### Instructions for the task
Exact reproductions of all the entries, please, and no pictures.

Exercise materials below:

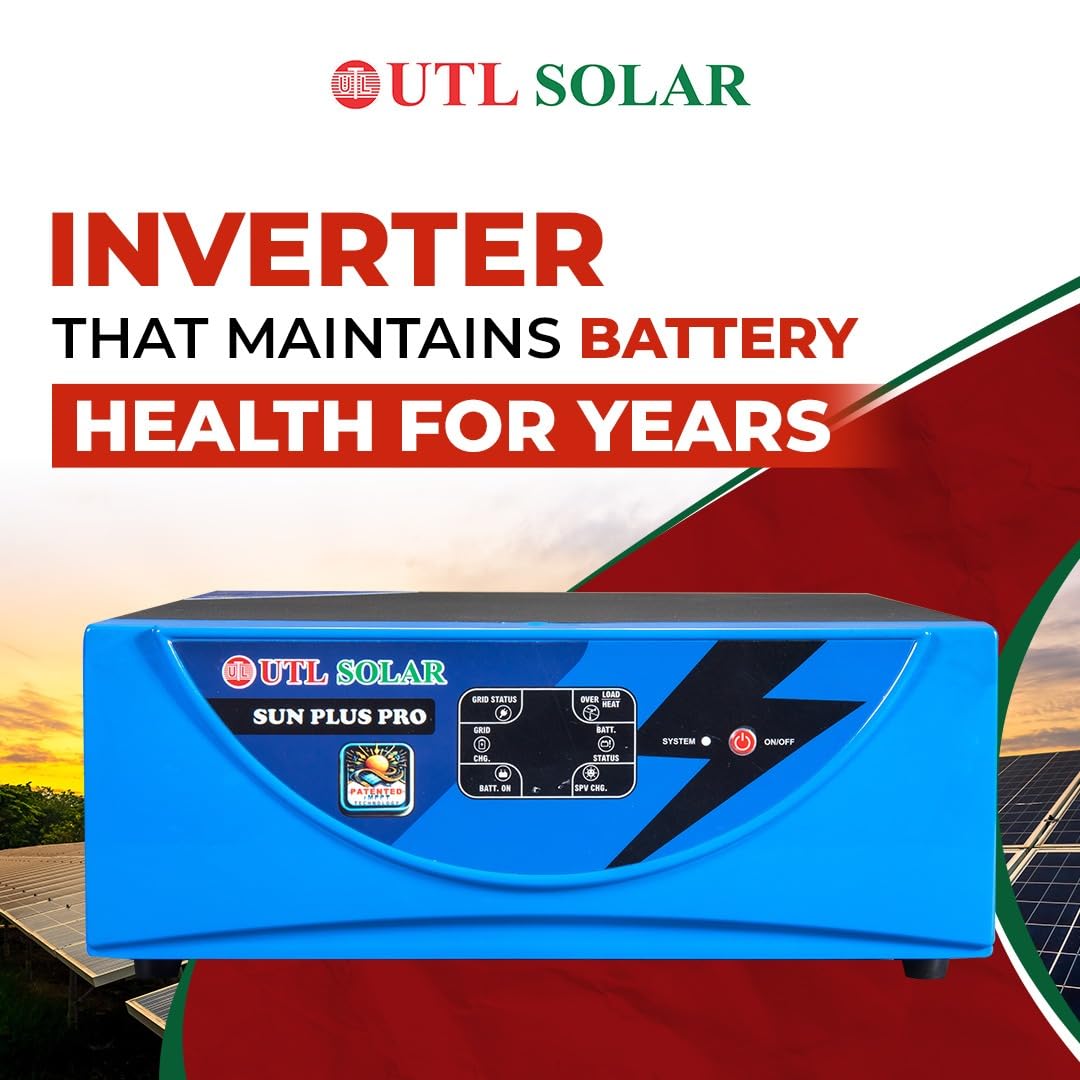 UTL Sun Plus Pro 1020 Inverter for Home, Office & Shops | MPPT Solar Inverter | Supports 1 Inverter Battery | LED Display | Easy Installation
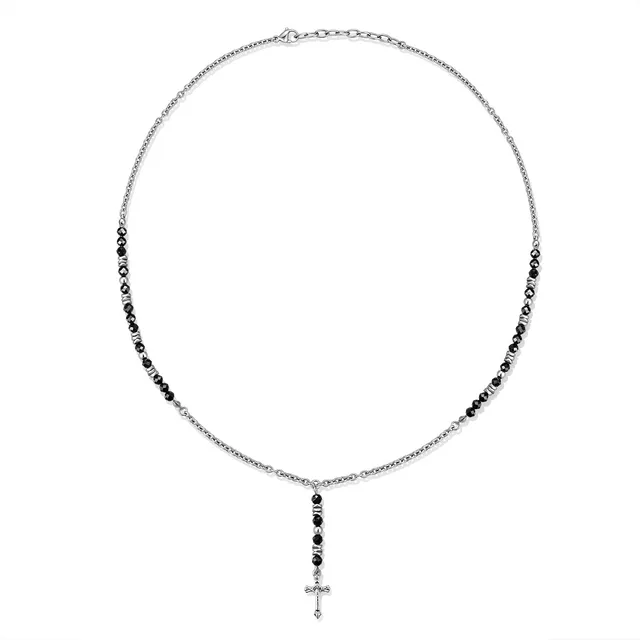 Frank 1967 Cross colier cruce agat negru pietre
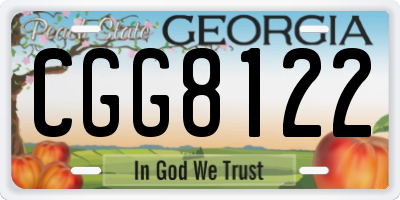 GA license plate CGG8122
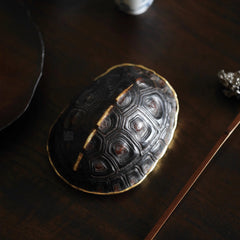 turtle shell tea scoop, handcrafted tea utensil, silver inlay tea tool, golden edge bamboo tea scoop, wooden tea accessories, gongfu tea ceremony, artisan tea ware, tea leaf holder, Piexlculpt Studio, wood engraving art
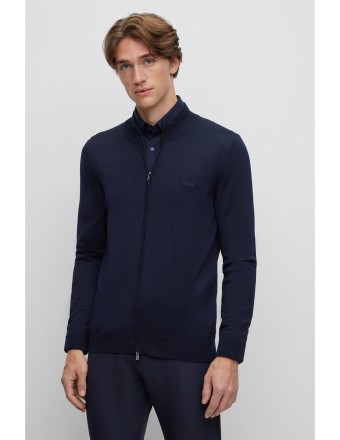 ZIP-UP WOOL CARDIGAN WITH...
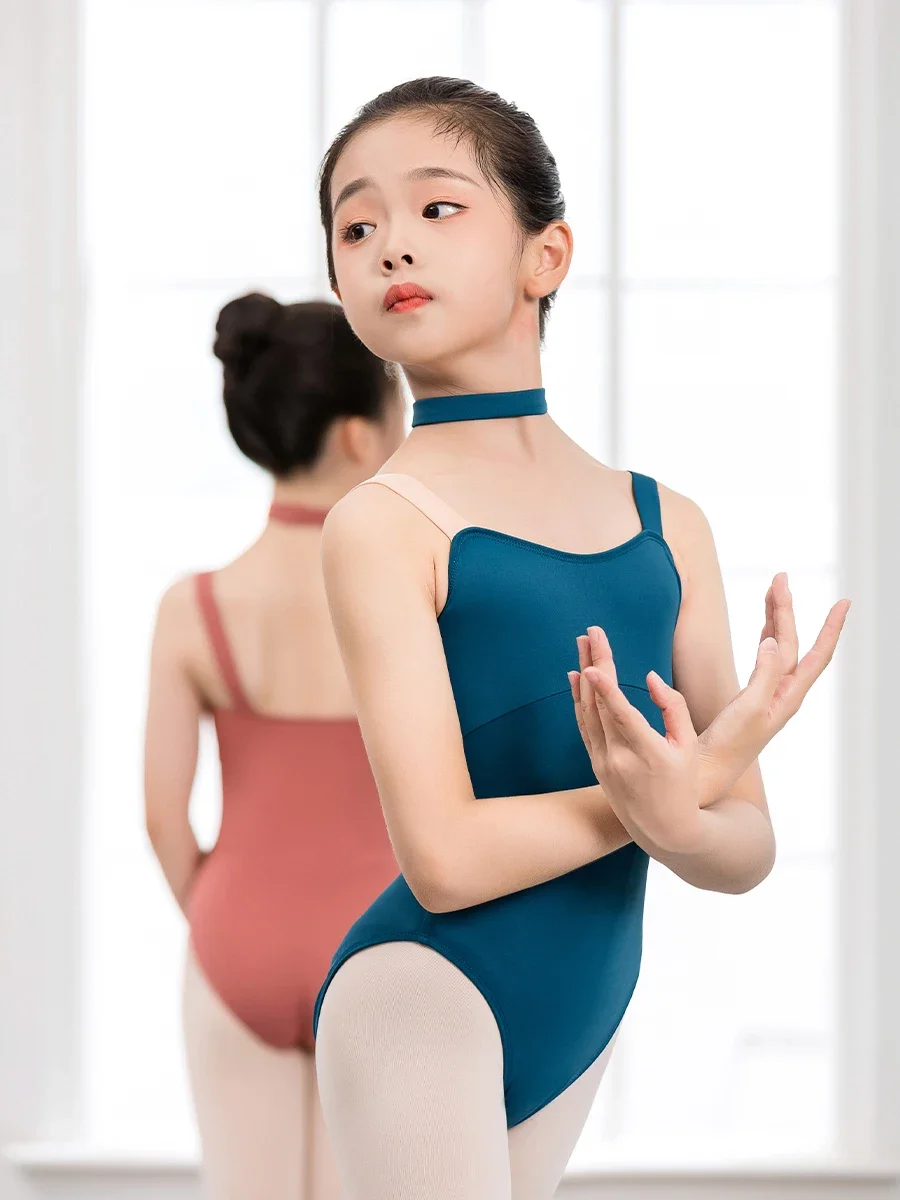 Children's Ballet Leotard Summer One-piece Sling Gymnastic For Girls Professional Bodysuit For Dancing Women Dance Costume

End of Exercise materials.

### Answer to this exercise
 UTL Sun Plus Pro 1020 Inverter for Home, Office & Shops | MPPT Solar Inverter | Supports 1 Inverter Battery | LED Display | Easy Installation
 Frank 1967 Cross colier cruce agat negru pietre
 GA license plate CGG8122
 turtle shell tea scoop, handcrafted tea utensil, silver inlay tea tool, golden edge bamboo tea scoop, wooden tea accessories, gongfu tea ceremony, artisan tea ware, tea leaf holder, Piexlculpt Studio, wood engraving art
 ZIP-UP WOOL CARDIGAN WITH...
 Children's Ballet Leotard Summer One-piece Sling Gymnastic For Girls Professional Bodysuit For Dancing Women Dance Costume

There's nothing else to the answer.